Simon Willison’s Weblog

Subscribe
Atom feed

Blogmarks

Filters: Sorted by date

Tokyo Tyrant Tutorial. Buried at the bottom of the Tokyo Tyrant protocol documentation, this is the best resource I’ve seen yet for getting up and running with the database server (including setting up replication).

# 14th February 2009, 11:29 am / databases, keyvaluepairs, replication, tokyocabinet, tokyotyrant

Specify your canonical. You can now use a link rel=“canonical” to tell Google that a page has a canonical URL elsewhere. I’ve run in to this problem a bunch of times—in some sites it really does make sense to have the same content shown in two different places—and this seems like a neat solution that could apply to much more than just metadata for external search engines.

# 14th February 2009, 11:28 am / canonical, google, metadata, relcanonical, search-engines, seo, urls

pytyrant. A pure-python client library for the Tokyo Tyrant binary protocol (used to access Tokyo Cabinet databases over a network). The library appears to be developed by Bob Ippolito and the team at Mochi Media.

# 14th February 2009, 11:19 am / bob-ippolito, mochimedia, python, pytyrant, tokyocabinet, tokyotyrant

Tokyo Cabinet: Beyond Key-Value Store. Useful overview of Yet Another Scalable Key Value Store. Interesting points: multiple backends (hash table, B-Tree, in memory, on disk), a “table” engine which enables more advanced queries, a network server that supports HTTP, memcached or its own binary protocol and the ability to extend the engine with Lua scripts.

# 14th February 2009, 11:17 am / databases, hash, http, keyvaluepairs, lua, memcached, tokyocabinet

Twitter Don’t Click Exploit. Someone ran a successful ClickJacking exploit against Twitter users, using a transparent iframe holding the Twitter homepage with a status message fed in by a query string parameter. Thiss will definitely help raise awareness of ClickJacking! Twitter has now added framebusting JavaScript to prevent the exploit.

# 12th February 2009, 7:56 pm / chris-shiflett, clickjacking, framebusting, javascript, security, twitter

EuroDjangoCon 2009. Tickets are now on sale for the conference, scheduled for 4th-6th of May (not March as I originally said) in Prague (followed by two days of development sprints).
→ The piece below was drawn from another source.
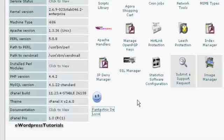In this video I'm going to show you how to install WordPress onto your website. Probably the easiest way to do it is if you have cPanel and Fantastico, then all it takes is just a few mouse clicks.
# 12th February 2009, 4:59 pm / django, djangocon, eurodjangocn, prague, python

Whoosh. A brand new, pure-python full text indexing engine (think Lucene). Claims to offer performance in the same league as wrappers to C or Java libraries. If this works as well as it claims it will be an excellent tool for adding search to projects that wish to avoid a dependency on an external engine.

# 12th February 2009, 12:49 pm / full-text-search, lucene, open-source, python, search, whoosh

Django Settings Tip—Setting Relative Paths. This is the first thing I do in every single one of my Django projects—it makes projects relocatable to other machines with just a couple of lines of code. I wouldn’t be at all upset to see it added to the default Django settings.py file created by ./manage.py startproject

# 12th February 2009, 12:30 pm / django, gareth-rushgrove, python, settings

Plaxo sees 92% success rate with OpenID/OAuth hybrid method. Really wish I could have been at the OpenID UX Summit hosted by Facebook yesterday—sounds like an awful lot of important problems are being solved.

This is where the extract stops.